Work and Pensions Secretary Amber Rudd said in a letter to the Prime Minister that she was resigning because "I no longer believe leaving with a deal is the government's main objective".

Last week Johnson kicked 21 MPS out of the parliamentary Conservative Party after they sided with the opposition to pass a law designed to prevent Britain from leaving the European Union next month without a divorce deal.

"This short-sighted culling of my colleagues has stripped the party of broad-minded and dedicated Conservative MPs.

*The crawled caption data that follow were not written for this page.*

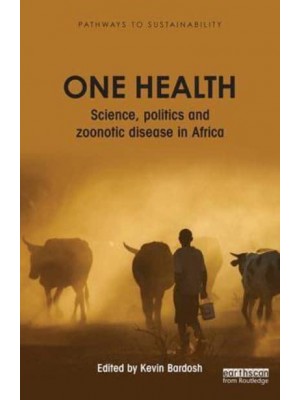 One Health Science, Politics and Zoonotic Disease in Africa - Pathways to Sustainability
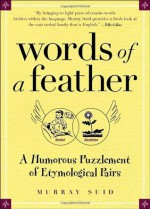 Words of a Feather: A Humorous Puzzlement of Etymological Pairs - Murray Suid, Jeremy Eaton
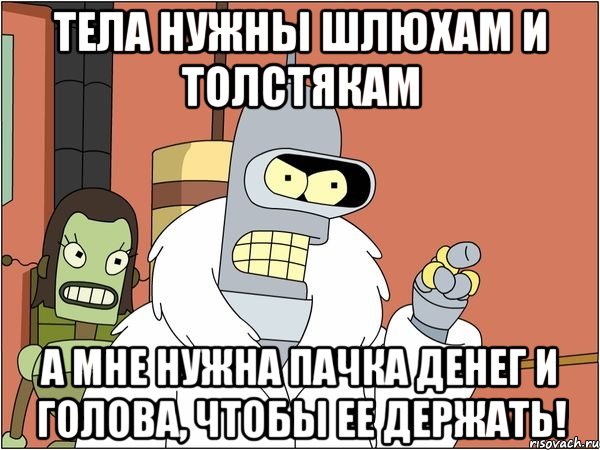 тела нужны шлюхам и толстякам а мне нужна пачка денег и голова, чтобы ее держать!, Мем Бендер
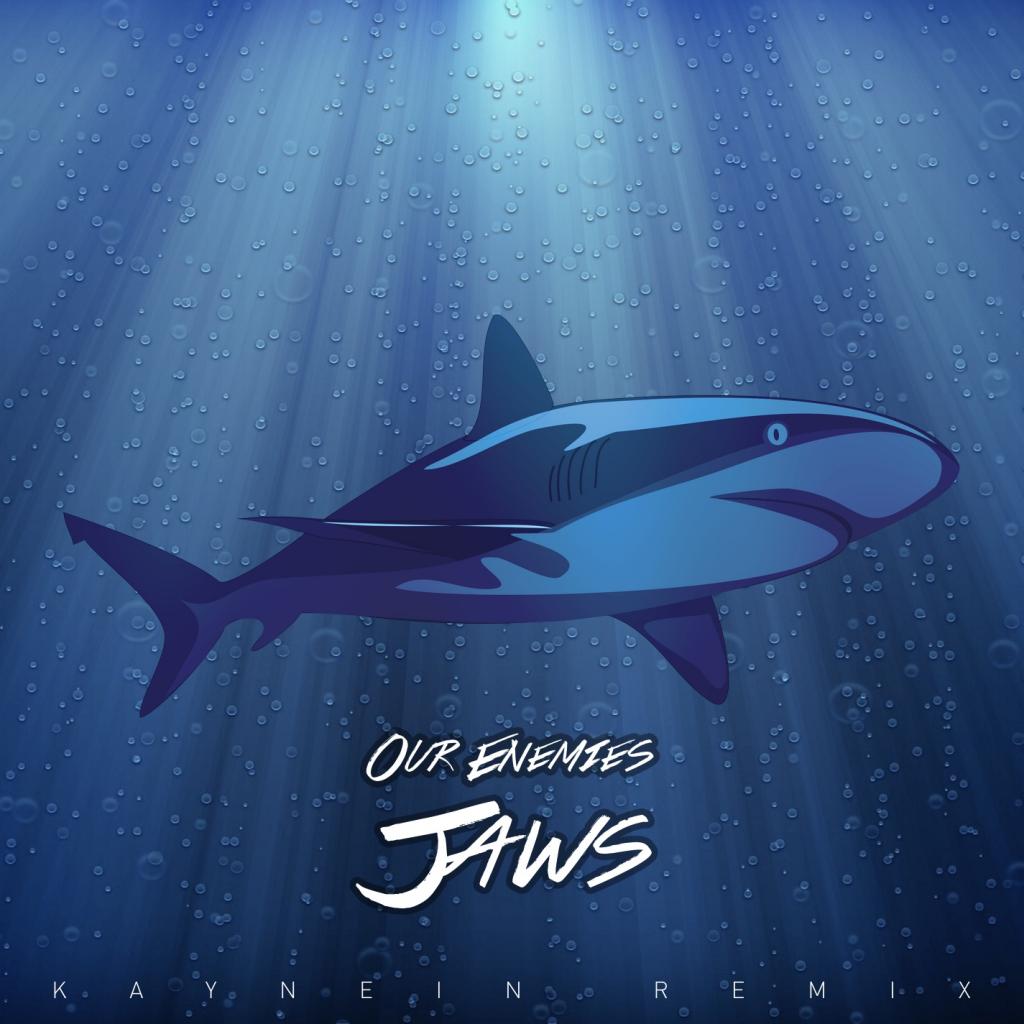 Jaws (Kaynein Remix)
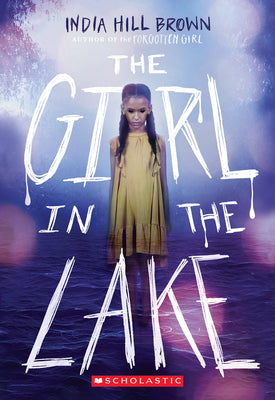 Cover Image for The Girl in the Lake -- India Hill Brown, Paperback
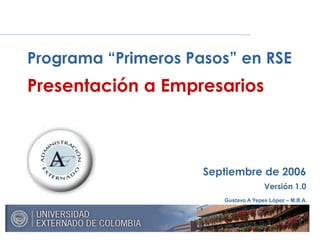 Gustavo A Yepes López – M.B.A.
Septiembre de 2006
Versión 1.0
Programa “Primeros Pasos” en RSE
Presentación a Empresarios
 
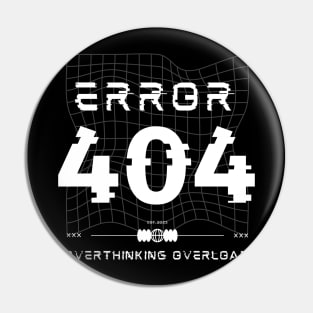 Error 404: overthink overload Pin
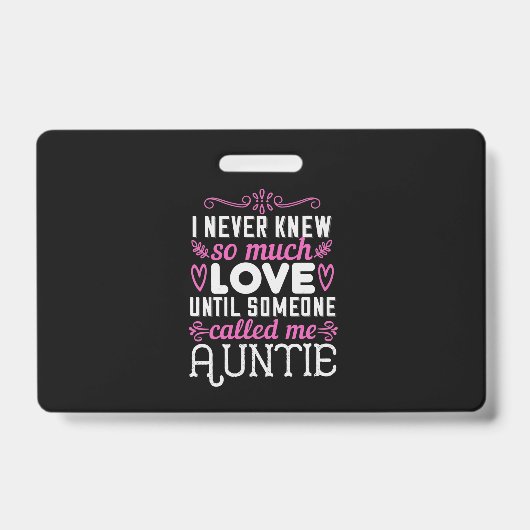 Badge I Never Knew So Much Love Until Someone Called Me (Avant)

I cannot support this act of political vandalism," wrote Rudd, who said she is also quitting the party and will sit as an independent.

Those expelled included the longest-serving Conservative in Parliament, Kenneth Clarke, Winston Churchill's grandson Nicholas Soames and former Chancellor Philip Hammond who has said he is considering taking the matter to court, vowing not to be “pushed out” of the party by “unelected Downing Street advisers”.

Writing in his local newspaper, Mr Hammond said “I am saddened that the Conservative Party (run by people who were serial rebels under Theresa May) has resorted to purging anyone expressing dissent.”

Johnson says Britain must leave the EU as scheduled on October 31 even if there is no divorce agreement with the bloc. But his plan is meeting fierce resistance, even from those closest to him.

Last week his younger brother, Jo Johnson, also quit the government over Brexit, saying he had been "torn between family loyalty and the national interest".

The Prime Minister is seeking a snap election on October 15 as a way to break the deadlock over Brexit, but MPs and peers last week rejected his call for an early poll.

The House of Lords passed a bill on Friday in effect blocking a no-deal Brexit, paving the way for it to become law.

Asked if he would obey the new law's demand for him to write to EU leaders requesting more time, Mr Johnson said said this week he would rather be "dead in a ditch" than seek a postponement. "I will not [write to Brussels]. I don't want a delay."

According to The Daily Telegraph, the Prime Minister wrote to Tory party members on Friday evening, telling them: "They just passed a law that would force me to beg Brussels for an extension to the Brexit deadline. This is something I will never do."

Former Conservative leader Iain Duncan Smith encouraged Johnson to break the law, saying he would be seen as a Brexit "martyr" if judges opted to put him jail for breaching Parliament's terms.

If Johnson fails to carry out the will of Parliament, he risks being taken to court and, if a judge ordered him to obey Parliament, he could be held in contempt and even jailed if he refused.

He is due to try to get an election called again on Monday, but opposition parties say they will veto that attempt, too.

They want to postpone an election until Britain has secured a delay to the October 31 Brexit deadline, removing the risk the UK could crash out without a deal.

Most economists say a no-deal Brexit would severely disrupt trade with the EU and plunge Britain into recession.